YOUR INSTRUCTIONS ::
Return verbatim the lines that run from the one holding "Подкапсульный разрыв селезенки." to the end of the listing, both ends included, without the pictures.

Start of DATA TO USE

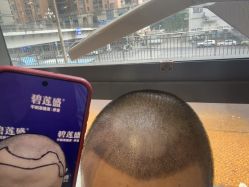 -碧莲盛·不剃发植发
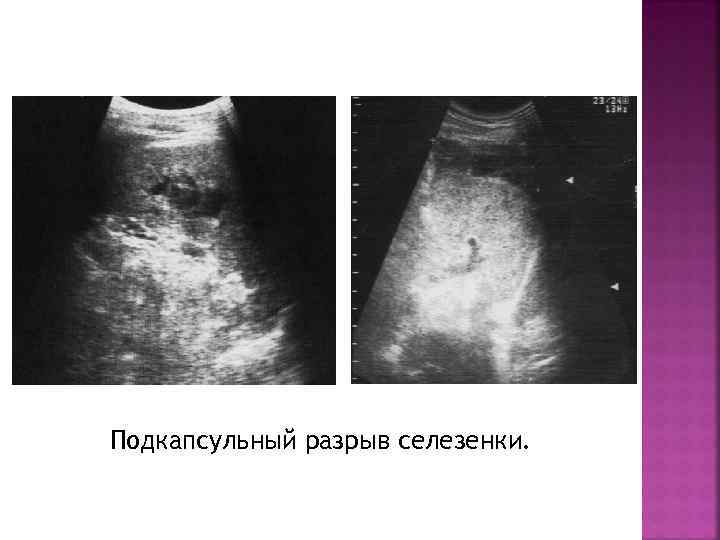 Подкапсульный разрыв селезенки. 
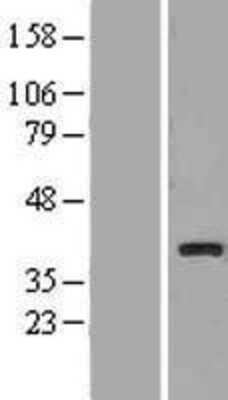 Western Blot: UCP4 Overexpression Lysate [NBP2-10579]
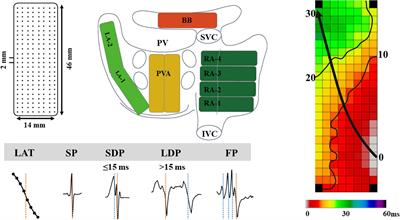 Signal Fingerprinting as a Novel Diagnostic Tool to Identify Conduction Inhomogeneity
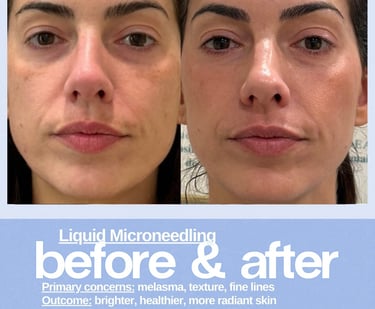 Before and after liquid microneedling treatment results for melasma, skin texture, and fine lines.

End of DATA TO USE

RESPONSE AREA ::
 Подкапсульный разрыв селезенки. 
 Western Blot: UCP4 Overexpression Lysate [NBP2-10579]
 Signal Fingerprinting as a Novel Diagnostic Tool to Identify Conduction Inhomogeneity
 Before and after liquid microneedling treatment results for melasma, skin texture, and fine lines.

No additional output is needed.